- _Records_
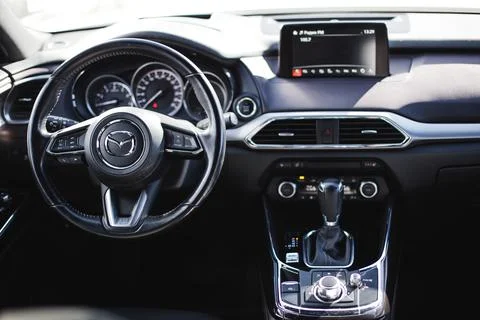 Photo of the interior of the car. Steering wheel, dashboard. Stock Photos
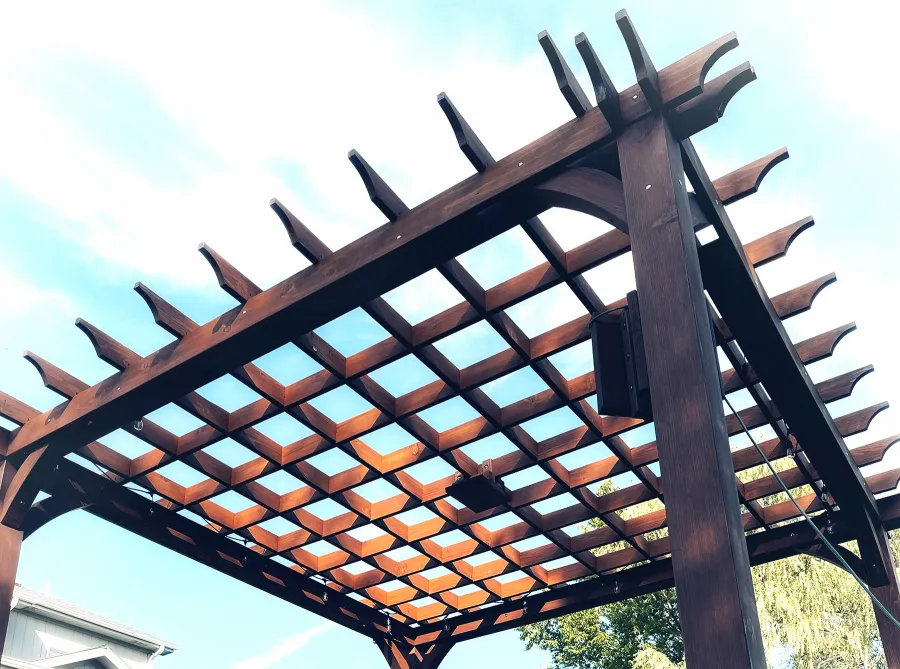 Montvale Pergolas (Options: 16' x 16', Douglas-fir, 10 ft H, 1 Ceiling Fan Base, No Post Decorative Trims, Coffee-Stain Premium Sealant). Photo Courtesy of Billy & Brianne Foster of Olathe, KS.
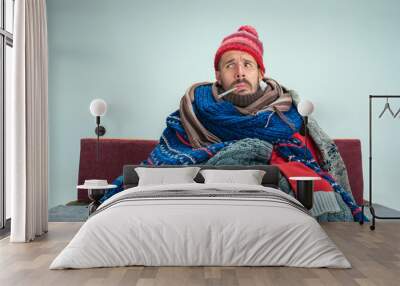 Bearded sick man with flue sitting on sofa at home or studio with thermometer covered with knitted warm clothes. Illness, influenza concept. Relaxation at Home. Healthcare Concepts. Wall mural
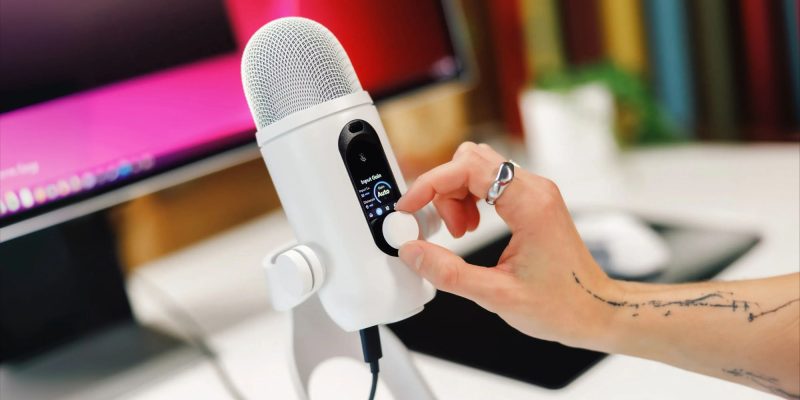 A hand turning a white microphone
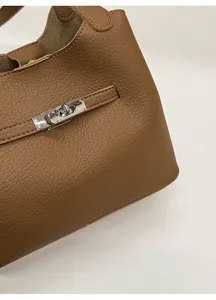 Macro shot of brown lychee texture PU leather and metal lock buckle on bucket bag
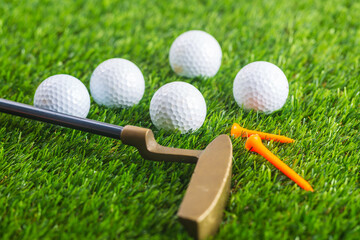 golf ball with orange tee in golf course 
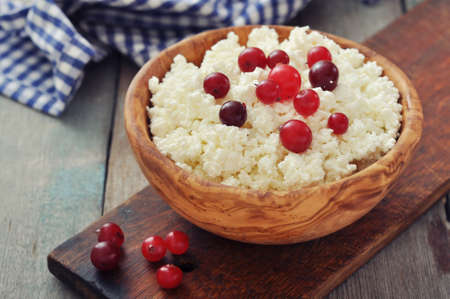Cottage cheese with fresh cranberry in wooden bowl closeupの写真素材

- _Exercise brief_
Copy out only the lines from the one containing "Macro shot of" to the end of the entries, unchanged. Drop the pictures.

- _Output_
 Macro shot of brown lychee texture PU leather and metal lock buckle on bucket bag
 golf ball with orange tee in golf course 
Cottage cheese with fresh cranberry in wooden bowl closeupの写真素材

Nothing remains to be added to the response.